Sono giunte in redazione alcune domande riguardanti il sintagma dei miei stivali usato con valore spregiativo riferito a cosa o persona di poco valore. In particolare se ne domanda l’origine e a quale epoca risalgano le prime attestazioni.
Come altri sintagmi stereotipati che cominciano con o senza una preposizione (acqua e sapone, terra terra, di fegato), dei miei stivali, o da stivali, ha la proprietà di caratterizzare un nome assumendo la funzione sintattica di un aggettivo. Per questo, anche a proposito di dei miei stivali, si parla di locuzione aggettivale riferita a persone o cose vantate come importanti, di cui però non si ha stima alcuna: dei miei stivali significa ‘di poco conto’, ‘da nulla’, ‘di nessun rilievo’. L’espressione va riferita al sostantivo (x) che di volta in volta le si accompagna: dottore, sonatore, maestro, seccatore, rimedio sono gli esempi ottocenteschi che si leggono nel Nòvo dizionàrio universale della lingua italiana (Milano, F.lli Treves, 1912) di Policarpo Petrocchi alla voce stivale. Per restare alla lessicografia ottocentesca, Giuseppe Meini registra “compenso de’ miei stivali” nel Tommaseo-Bellini (s.v. stivale); mentre “chirurgo dei miei stivali” è marcata dal GRADIT come locuzione comune. Numerosissimi sono gli esempi reperibili sul web: avvocato, capitano, impero, imprenditore, lettore, liberale, medico, ministro, mobilità, nobildonna, nobilicchio, principe azzurro, principessa, provvedimento, re, regina, saputello, scienziato, signorino, sovranista, tradizione, solo per citarne alcuni; né mancano sostantivi-testa stranieri, dati da anglicismi come veggie town, performer e recruiter. Una menzione a parte merita intellettuale dei miei stivali, locuzione entrata nel linguaggio della politica dopo l’impiego polemico, da parte di Bettino Craxi, nei confronti di Ernesto Galli Della Loggia che lo aveva criticato in merito alla gestione della cosiddetta “crisi di Sigonella” (comunicazioni del governo, IX legislatura, assemblea n. 373, seduta del 6 novembre 1985; cfr. Acquaviva 2007 p. 361). Preceduto dall’aggettivo ironico e allitterante illustre, il citatissimo epiteto di craxiana memoria ha ispirato i titoli di articoli di noti politologi e giornalisti, come Gianfranco Pasquino (Intellettuali dei miei stivali, “Nuova informazione bibliografica”, VII, 2, apr.-giu. 2010, pp. 215-222) e Marco Valerio Lo Prete (Intellò dei miei stivali, “Il Foglio”, 13/8/2014, nel quale si discute del parallelismo, evocato dal sociologo Luciano Pellicani, tra Craxi e Renzi, in merito ad alcune dichiarazioni rilasciate dall’allora presidente del Consiglio al quotidiano “la Repubblica”).
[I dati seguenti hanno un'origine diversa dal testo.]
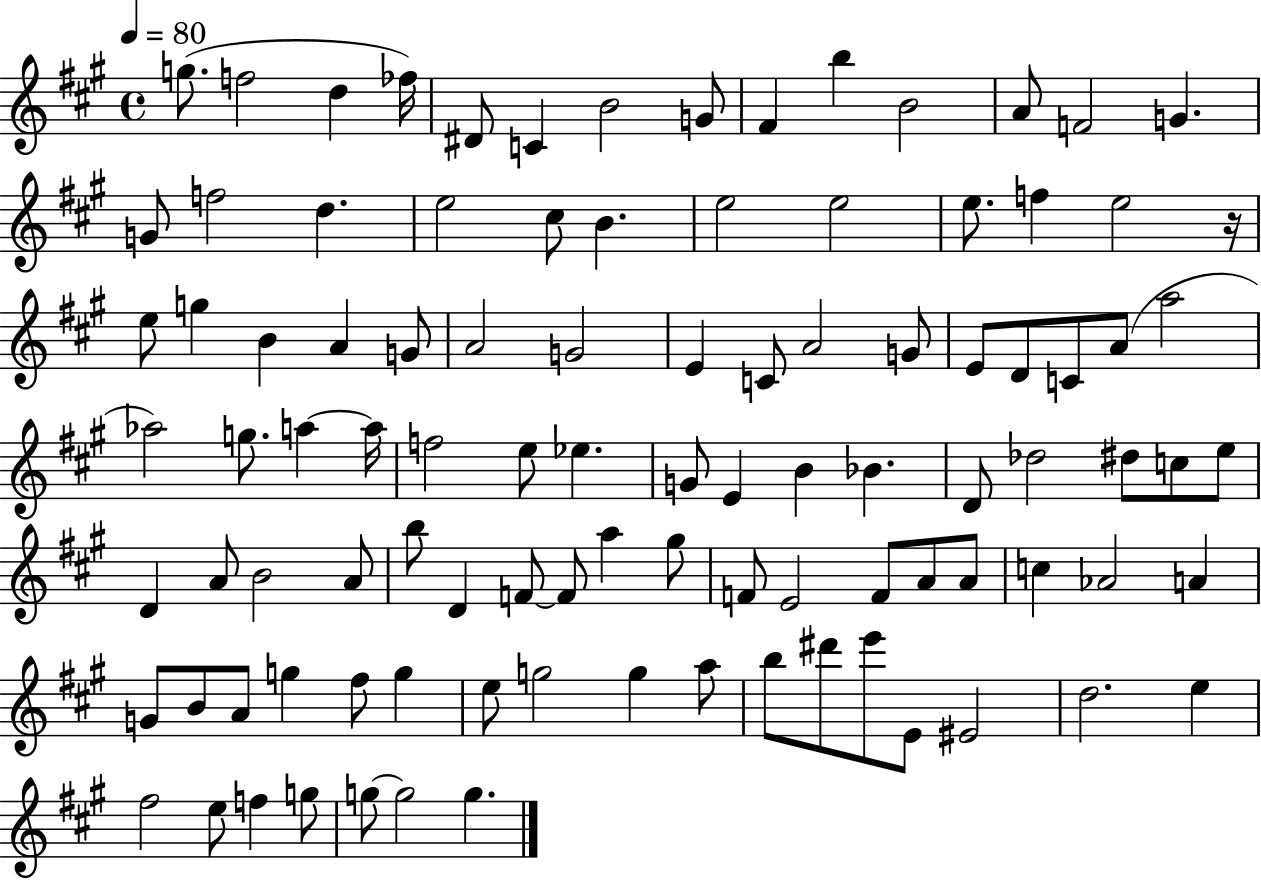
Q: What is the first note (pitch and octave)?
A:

Abbandonando i nostri giorni e venendo al valore fortemente spregiativo della locuzione x dei miei stivali, esso si deve all’antica metafora della calzatura che ricopre la parte più bassa del corpo umano, il punto più ignobile, collocato al livello del terreno. Ci si riferisce al piede, naturalmente, benché lo stivale copra anche il polpaccio, e talora la coscia, poiché in questo, come in altri usi idiomatici (ad esempio lustrare, o il più antico ugnere, gli stivali nel senso di ‘adulare’; o girare gli stivali a qualcuno, noto anche come voltare i tacchi, ‘andarsene indispettiti’), la parola stivale assume il valore sinonimico di ‘scarpa’ (GRADIT).
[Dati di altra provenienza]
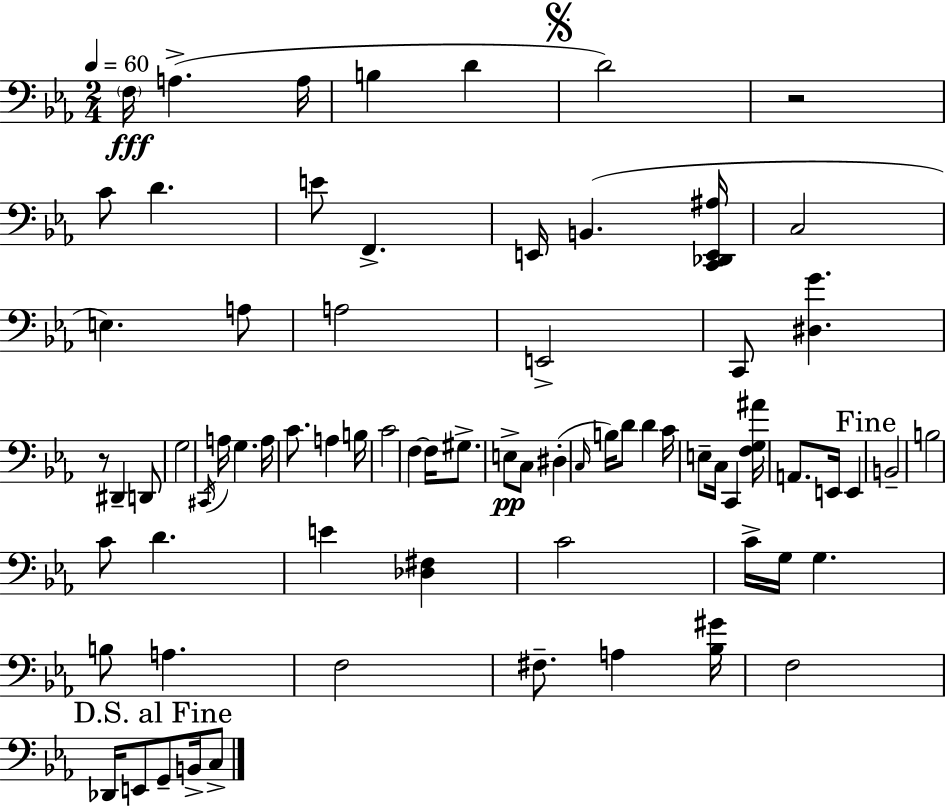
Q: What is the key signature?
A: C minor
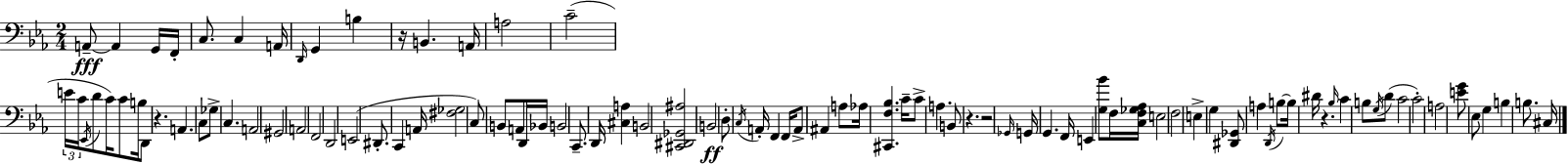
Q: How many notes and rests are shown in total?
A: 99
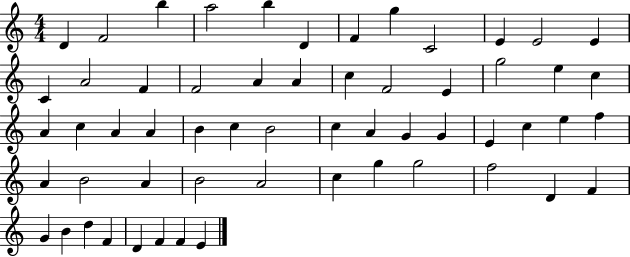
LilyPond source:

{
  \clef treble
  \numericTimeSignature
  \time 4/4
  \key c \major
  d'4 f'2 b''4 | a''2 b''4 d'4 | f'4 g''4 c'2 | e'4 e'2 e'4 | \break c'4 a'2 f'4 | f'2 a'4 a'4 | c''4 f'2 e'4 | g''2 e''4 c''4 | \break a'4 c''4 a'4 a'4 | b'4 c''4 b'2 | c''4 a'4 g'4 g'4 | e'4 c''4 e''4 f''4 | \break a'4 b'2 a'4 | b'2 a'2 | c''4 g''4 g''2 | f''2 d'4 f'4 | \break g'4 b'4 d''4 f'4 | d'4 f'4 f'4 e'4 | \bar "|."
}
Oggetto di numerosi modi di dire e proverbi, che arricchiscono il lessico della cultura materiale, lo stivale è metafora di qualcosa di vile che ben si adatta a vari contesti. Ad esempio è ‘la vivanda più vile’ nel proverbio olio, aceto, pepe e sale farebbe buono uno stivale, che si è soliti pronunciare quando si voglia valorizzare la funzione dei quattro condimenti base della cucina rustica; oppure è indice di ‘vile condizione’ nell’antica espressione essere in stivali ‘condurre una vita misera e rozza’; e ancora simboleggia la parte più bassa del corpo in tenere qualcuno negli stivali (’essere più abile di qualcuno’): qualcosa di vile, dunque, e anche di rumoroso (solo “gli stivali del diavolo non fanno rumore”).
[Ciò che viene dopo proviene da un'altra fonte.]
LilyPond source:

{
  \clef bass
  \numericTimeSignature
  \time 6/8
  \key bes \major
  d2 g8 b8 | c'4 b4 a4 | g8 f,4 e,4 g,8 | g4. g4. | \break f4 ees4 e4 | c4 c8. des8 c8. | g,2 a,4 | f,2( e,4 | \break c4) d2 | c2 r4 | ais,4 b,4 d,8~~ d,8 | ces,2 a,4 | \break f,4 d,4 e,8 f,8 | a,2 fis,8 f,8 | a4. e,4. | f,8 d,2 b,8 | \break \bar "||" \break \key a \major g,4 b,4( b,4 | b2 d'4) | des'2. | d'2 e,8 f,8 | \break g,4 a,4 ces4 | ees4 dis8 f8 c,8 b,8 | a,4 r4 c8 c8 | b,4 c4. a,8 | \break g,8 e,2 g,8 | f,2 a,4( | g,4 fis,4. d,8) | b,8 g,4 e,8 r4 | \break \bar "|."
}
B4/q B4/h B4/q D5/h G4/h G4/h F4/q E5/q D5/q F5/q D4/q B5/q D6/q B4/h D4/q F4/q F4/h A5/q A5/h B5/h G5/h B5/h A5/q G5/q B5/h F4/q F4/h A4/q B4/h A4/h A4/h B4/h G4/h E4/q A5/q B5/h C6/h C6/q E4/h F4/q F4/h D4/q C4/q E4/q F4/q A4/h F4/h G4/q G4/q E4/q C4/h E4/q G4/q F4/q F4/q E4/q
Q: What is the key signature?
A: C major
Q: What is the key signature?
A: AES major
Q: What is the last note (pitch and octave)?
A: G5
Non è questa la sede opportuna per dilungarsi sul valore figurato – metaforico, certo, ma anche antonomastico – del termine stivale, con riferimento alla forma della penisola italiana (per le attestazioni letterarie, da Goldoni in poi, v. GDLI; ma cfr. anche il recente saggio di Edoardo Camurri, L’Italia dei miei stivali (Milano, Rizzoli, 2007); o la commedia musicale degli anni Settanta, scritta da Dino Verde, con Alighiero Noschese, Lo stivale dei miei stivali, [1974]).
Per comprendere meglio la locuzione x dei miei stivali, vale la pena soffermarsi sulla varietà degli impieghi idiomatici, specchio dei vari usi quotidiani della celebre calzatura (in guerra, a caccia, a pesca, da bosco e da riviera, nei lunghi viaggi, in occasioni cerimoniali, nella vita di tutti i giorni come parte dell’abbigliamento di nobili e borghesi dei secoli XVII e XVIII). La varietà d’impiego del referente giustifica un sia pur minoritario valore semantico positivo, soprattutto a livello denotativo, in detti ritmati che ne evidenziano la funzione protettiva da serpi, pietre, terreni melmosi e altre insidie (pastrano e stivali preservano da molti mali). In virtù, poi, della sua diffusione tra i ceti più alti della società, lo stivale è entrato nella storia del costume europeo come simbolo di potere (così vanno intese espressioni come rompere gli stivali a qualcuno ‘infastidirlo’ e portare gli stivali ‘comandare’); fino ad assumere una valenza magica nella tradizione favolistica popolare e letteraria (Pollicino e gli stivali delle sette leghe, Il gatto con gli stivali; e si ricordi anche Lo stivale ingioiellato, fiaba di origine siciliana, tra le Fiabe italiane raccolte e trascritte da Italo Calvino [Torino Einaudi, 1956]).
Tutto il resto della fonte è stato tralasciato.